======== Extracted information
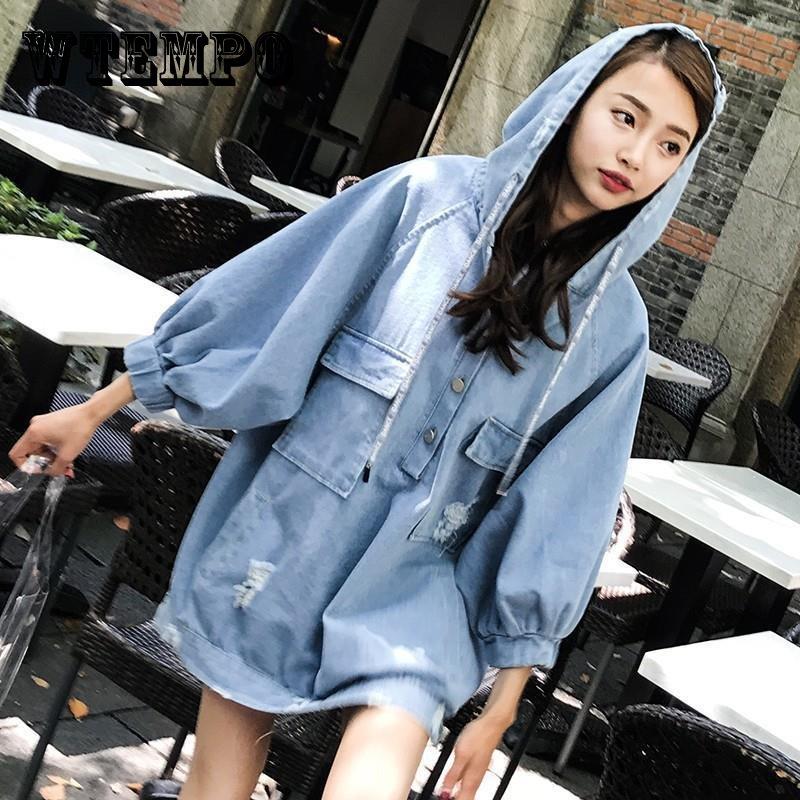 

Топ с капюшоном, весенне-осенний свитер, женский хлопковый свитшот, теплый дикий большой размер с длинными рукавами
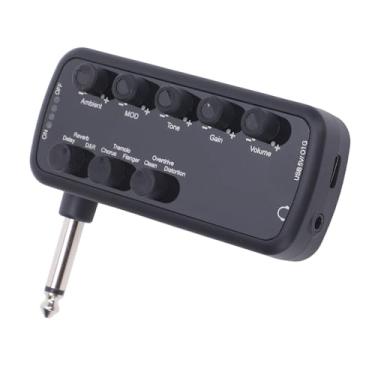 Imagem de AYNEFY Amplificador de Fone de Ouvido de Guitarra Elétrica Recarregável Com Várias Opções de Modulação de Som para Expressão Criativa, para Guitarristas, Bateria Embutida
================
======== Extracted information
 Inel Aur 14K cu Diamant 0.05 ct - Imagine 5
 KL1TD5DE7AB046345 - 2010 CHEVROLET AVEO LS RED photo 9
================
======== Extracted information
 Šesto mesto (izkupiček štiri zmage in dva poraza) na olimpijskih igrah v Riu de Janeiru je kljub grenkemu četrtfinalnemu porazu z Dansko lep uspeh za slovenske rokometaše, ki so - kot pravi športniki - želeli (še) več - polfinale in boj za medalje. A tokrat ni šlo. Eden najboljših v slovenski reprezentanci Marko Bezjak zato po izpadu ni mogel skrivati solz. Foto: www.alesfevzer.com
================
- _Your assignment_:
In the listing above, the required lines run from the line with "Топ с капюшоном, весенне-осенний" through the line with "Imagem de AYNEFY". Output exactly those lines, omitting pictures.

- _Response area_:
Топ с капюшоном, весенне-осенний свитер, женский хлопковый свитшот, теплый дикий большой размер с длинными рукавами
 Imagem de AYNEFY Amplificador de Fone de Ouvido de Guitarra Elétrica Recarregável Com Várias Opções de Modulação de Som para Expressão Criativa, para Guitarristas, Bateria Embutida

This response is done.